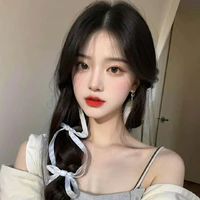 Đinh Thanh Tâm(cô trc khi xuyên ko)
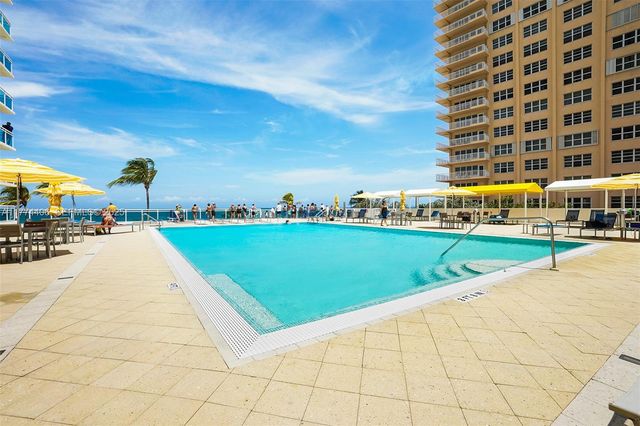 3900 Galt Ocean Drive 214, Fort Lauderdale, FL 33308
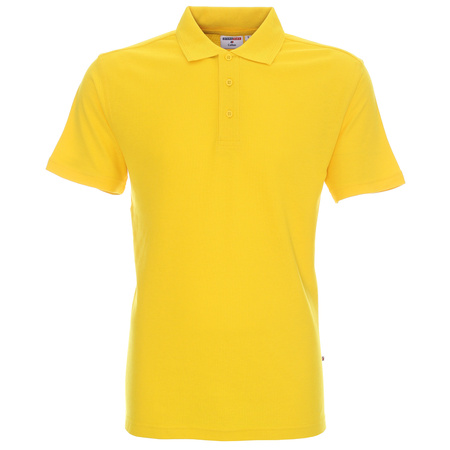 Koszulka pola męska Cotton - Promostars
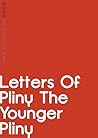 Letters of Pliny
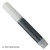 Cylinder Head Bolt Set | BEC016-1057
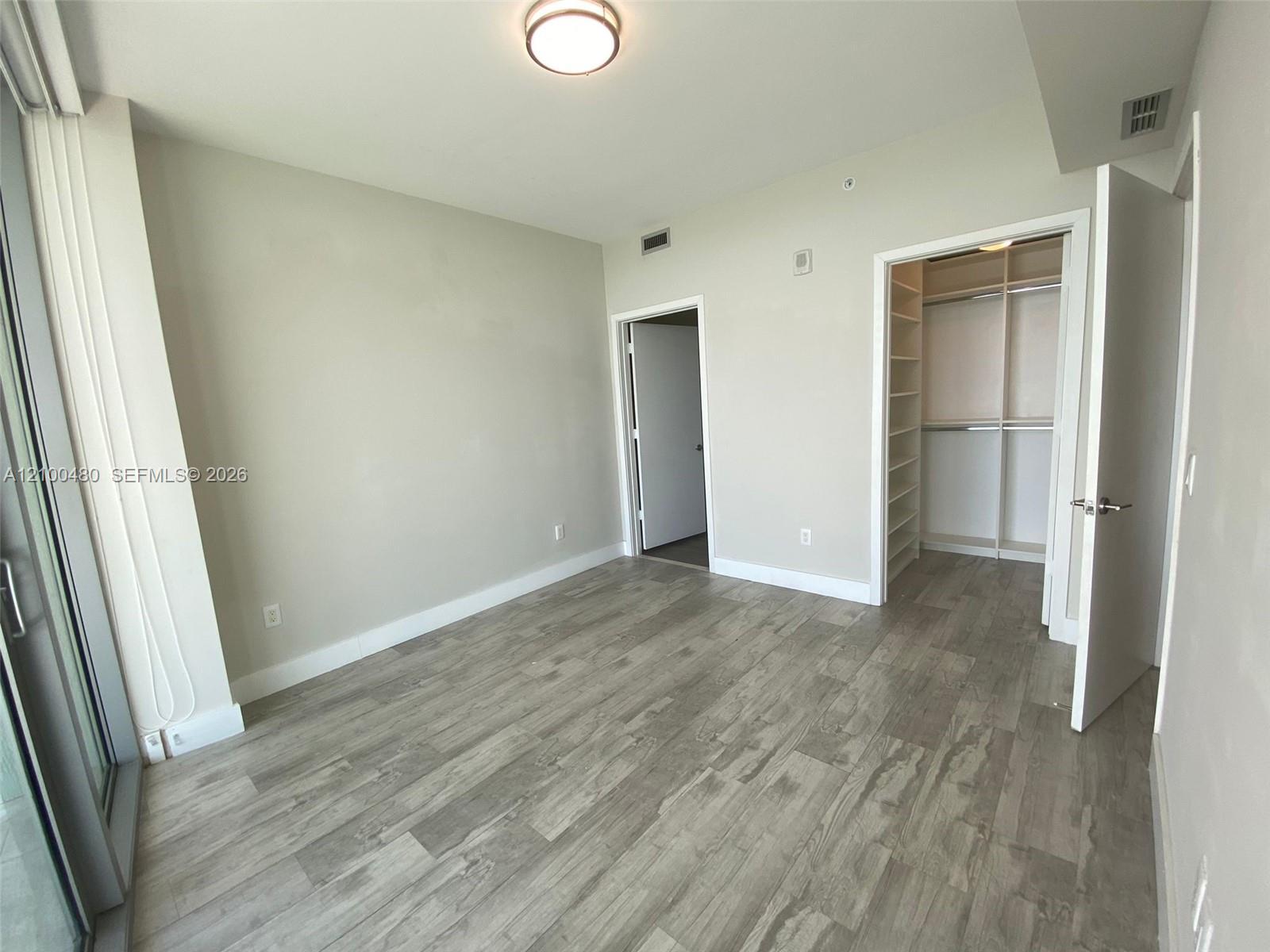 2900 NE 7th Ave # 705, Miami FL 33137 photo 4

********************

▸ Task details: Output every line of the records exactly, excluding all pictures.

▸ Answer area:
 Đinh Thanh Tâm(cô trc khi xuyên ko)
 3900 Galt Ocean Drive 214, Fort Lauderdale, FL 33308
 Koszulka pola męska Cotton - Promostars
 Letters of Pliny
 Cylinder Head Bolt Set | BEC016-1057
 2900 NE 7th Ave # 705, Miami FL 33137 photo 4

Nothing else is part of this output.